Он долго и много говорил ей, хотя и не был уверен, понимает ли она его и сумеет ли исполнить свою роль согласно его плану, и внутренне досадовал на нее: точно как ребенок!.. Даже странно, женщина, а хитрости ни на грош!
Ему редко приходилось «учить» своих подруг, а если и случалось наставлять более неопытных, то ученицы схватывали всю премудрость на лету и выучивались с первого же урока. «А эту Бог весть когда надоумишь!»

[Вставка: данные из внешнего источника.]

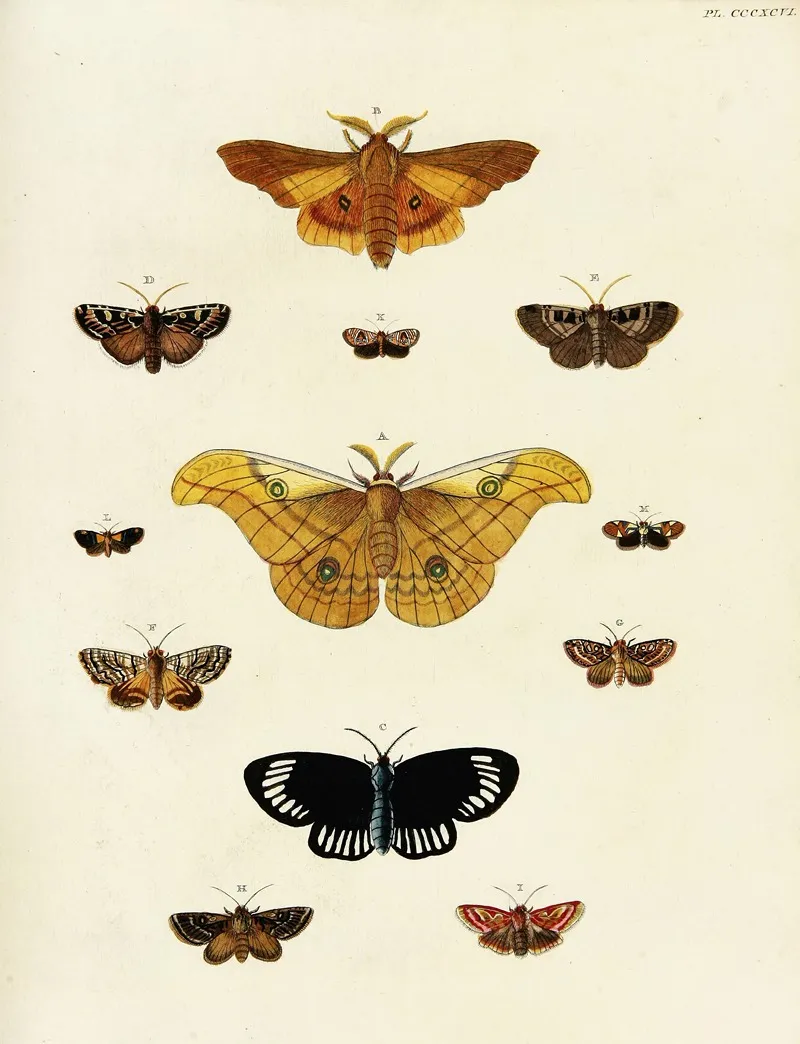 Foreign Butterflies Occurring In The Three Continents Asia Africa And America Pl 201 Wall Art by Pieter Cramer - High-Resolution Digital Print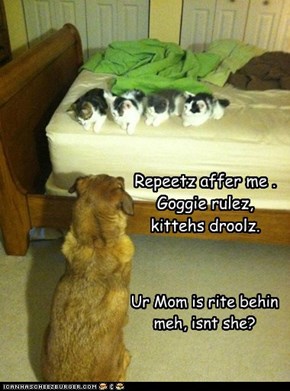 Repeetz affer me . Goggie rulez, kittehs droolz.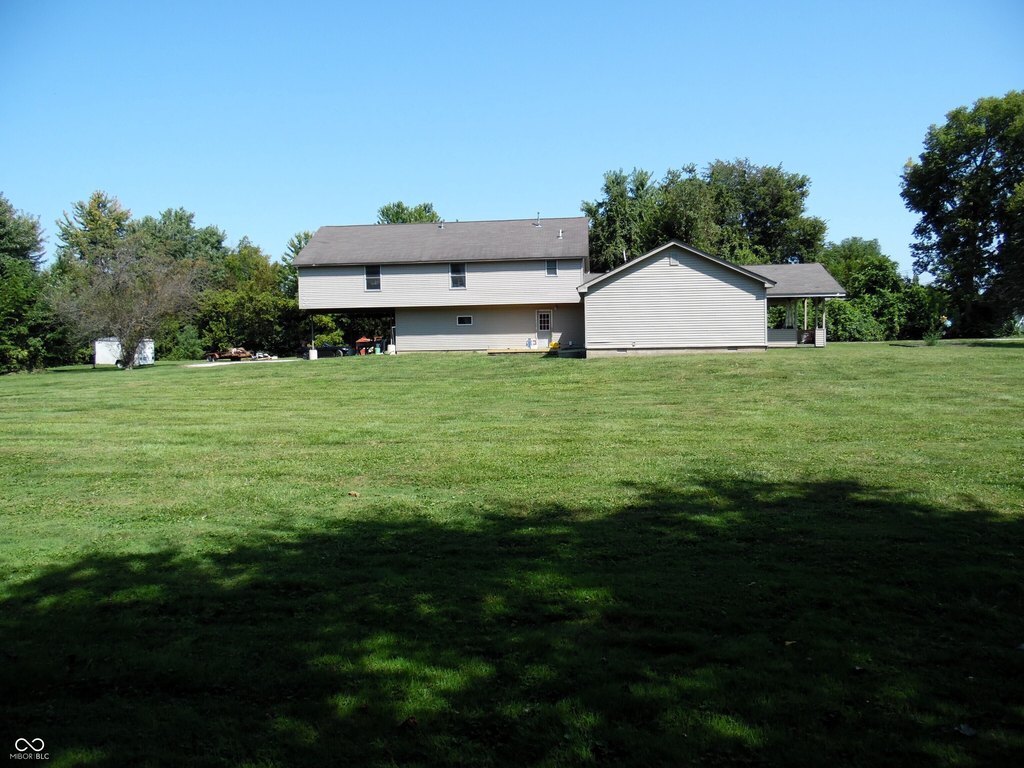 Picture 5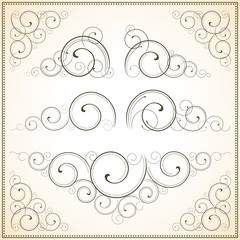 Canvas Print - ornate vector scrolls
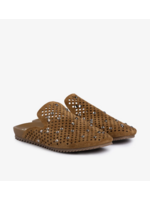PEDRO GARCIA BRAIDY MULE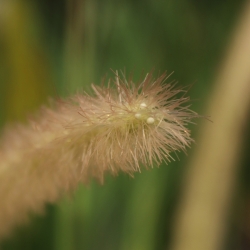 Pianta d'erba artificiale Pennisetum 100cm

И он с легким раздражением искоса взглядывал на нее. Она сидела на диване, тяжело опершись головой на одну руку. По ее точно вдруг осунувшемуся лицу разлились желтоватые болезненные тени, а полная фигура ее, тяжело и неграциозно согнувшаяся, и даже самое лицо, обычно такое прелестное, в эту минуту показались ему некрасивыми и непривлекательными.
«Теперь дурнеть еще начнет! – подумал он с неудовольствием. – Начнутся эти вечные слезы, упреки, терзания и через год, глядишь, старухой будет… Нет, все-таки эти тридцатилетние женщины ужасно непрочны в своей красоте держатся-держатся, да вдруг разом и поблекнут».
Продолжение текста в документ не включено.